DocArray and Weaviate: Your Guide to Hybrid Search
Discover the power of hybrid search, a cutting-edge technology bridging keyword precision with vector versatility for a tailored search experience. Dive into how hybrid search works, its essential components, and using DocArray with Weaviate for optimized searches on your data.
Hybrid search is an innovative approach that unites the best of both worlds in search technology! It fuses the precision of keyword-based algorithms with the versatility of vector search techniques, creating a search experience tailored for modern users. By harnessing the strengths of various algorithms, hybrid search ensures improved accuracy and relevance in search results, revolutionizing the way we explore the vast expanse of digital information.
In this blog post, you will learn how hybrid search works, its component algorithms, and how to use DocArray with Weaviate as a vector database to perform an optimized hybrid search on your data easily.
Hybrid Search
Hybrid search uses sparse and dense vectors to represent the meaning and context of search queries and documents. Let’s look at these in turn.
Sparse Vectors: Smart Keyword Scoring
Sparse vectors, receiving their name by consisting mainly of zero values with a few non-zero values, are generated by algorithms like BM25 and SPLADE. These consider the appearance of keywords in queries and documents.

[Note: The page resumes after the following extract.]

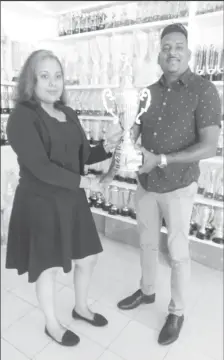  ??  ?? A representa­tive of Trophy Stall’s Berbice branch, Aleena Asgarally, hands over the trophy to competitio­n co-ordinator Roy Jafferally of the Grill Masters softball team.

BM25, which we will be using in the hybrid search experiment later, is like the smarter sibling of TF-IDF: They both rank search results based on exact matches in your text documents. These algorithms consider your documents and queries as high-dimensional sparse vectors, where each dimension corresponds to a unique term (word or word-piece) from your collection of documents. Most of these dimensions will be zero for a given document because there are a lot of words and most don't appear in any one document. Only a few will contain non-zero values, hence the name "sparse" vectors.
BM25 considers how often a term appears in a document (just like TF-IDF), but it knows not to overvalue a word just because it appears a lot. It also levels the playing field between long and short documents, so a term does not get extra points just for being in a longer piece. In a nutshell, BM25 is a more refined way of figuring out what documents match your search query best.

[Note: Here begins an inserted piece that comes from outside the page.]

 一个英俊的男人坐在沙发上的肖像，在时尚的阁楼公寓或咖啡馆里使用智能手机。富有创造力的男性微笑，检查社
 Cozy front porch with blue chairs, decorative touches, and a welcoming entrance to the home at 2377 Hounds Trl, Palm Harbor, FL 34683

Here are some of the advantages of sparse vectors in search:
- Storage and Computational Efficiency: Sparse vectors are memory efficient as they store only non-zero values, thereby conserving computational resources.
- Relevance Identification: They effectively capture the occurrence of less frequent but potentially more relevant terms, helping to identify the relevance of documents even with rare keywords.

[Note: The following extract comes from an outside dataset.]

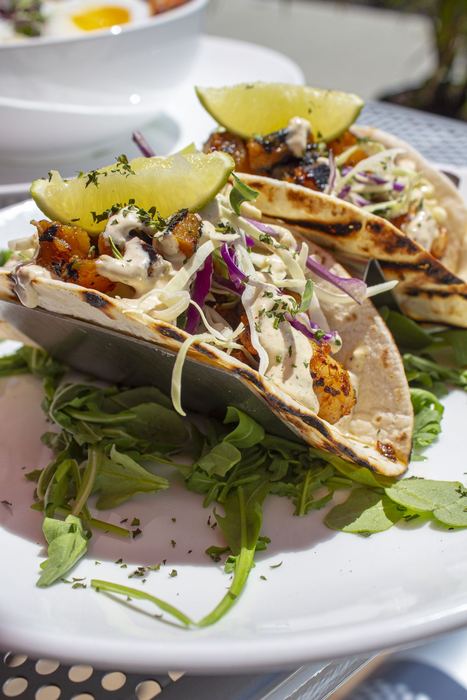 Tacos plated with pickled onion and greens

- Scalability: Sparse vectors can efficiently handle large-scale, high-dimensional data, which is a common characteristic of text data in information retrieval.
- Fine-tuning: The ability to adjust parameters in BM25 helps in customizing the algorithm for specific datasets, improving the precision of search results.
- Better Noise Handling: Sparse vectors are better at handling 'noise' in the data (such as common words that might be less informative), as they focus on relevant, non-zero elements.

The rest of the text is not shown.